About 11am we were off, heading to Polignano a Mare on the north Adriatic coast. We had to take the same road as the previous day to Alborobello, it is a twisty scenic route and a pleasurable drive. We stopped again in Alborobello as Her Ladyship wanted a few more pics of the Trulli houses. We exited the town and headed north, at the next town I made a few navigational errors, sometimes the Garmin is a few seconds behind in catching up, probably due to the narrow roads and high buildings so before I know it I have made a wrong turn and have to wait for the inevitable recalc. Road sings are not very prolific but I spotted a sign for Polignano so took it and let the Garmin catch up in due course.
We arrived in Polignano with the inevitable grid system of narrow streets and one way systems. By some miracle I managed to get to the digs without a navigational feck up. There were two ladies outside the apartment, the cleaning ladies, they greeted us with effusive welcomes and smiles, one of them, Anca, was dressed as if she was about to out clubbing in a fetching fedora hat, shades, blouse, skin tight jeans and knee length high heeled boots, so very stylish.

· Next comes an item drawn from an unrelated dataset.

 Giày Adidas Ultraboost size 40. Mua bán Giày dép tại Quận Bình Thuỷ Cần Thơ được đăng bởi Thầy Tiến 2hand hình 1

While waiting for them to finish a car came up behind me so I had to move off around the block and when I got back there was a convenient parking spot just round the side of the apartment - good, no more parking fines today.
After a bit of lunch we headed off for an explore; the streets are immaculately clean, loads of shops, PaM is obviously a very chic holiday resort. Loads of cafes, trattoria, bistros and restaurants and of course the usual impressive architecture. We went onto a bridge over a gorge which looked over a rocky inlet, the sea was crashing in, we managed to find a set of steps that took us under the bridge and down to the shoreline. PaM is built on a series of high cliffs and the scenery is quite dramatic.
Now, PaM is famous for being the home town of Domenico Modugno who wrote and sang that Italian standard Volare, later covered by Dean Martin and many others, there is a statue dedicated to him. We stopped for cappuccinos and cakes, 7.50 Euros, not too bad.
Today we head for Matera which is one of the longest inhabited cities in the world, third after Aleppo and Jericho, it is another UNESCO heritage site. Many movies have been filmed here, many of them biblical epics and includes the latest Bond film No Time To Die. I am looking forward to this visit.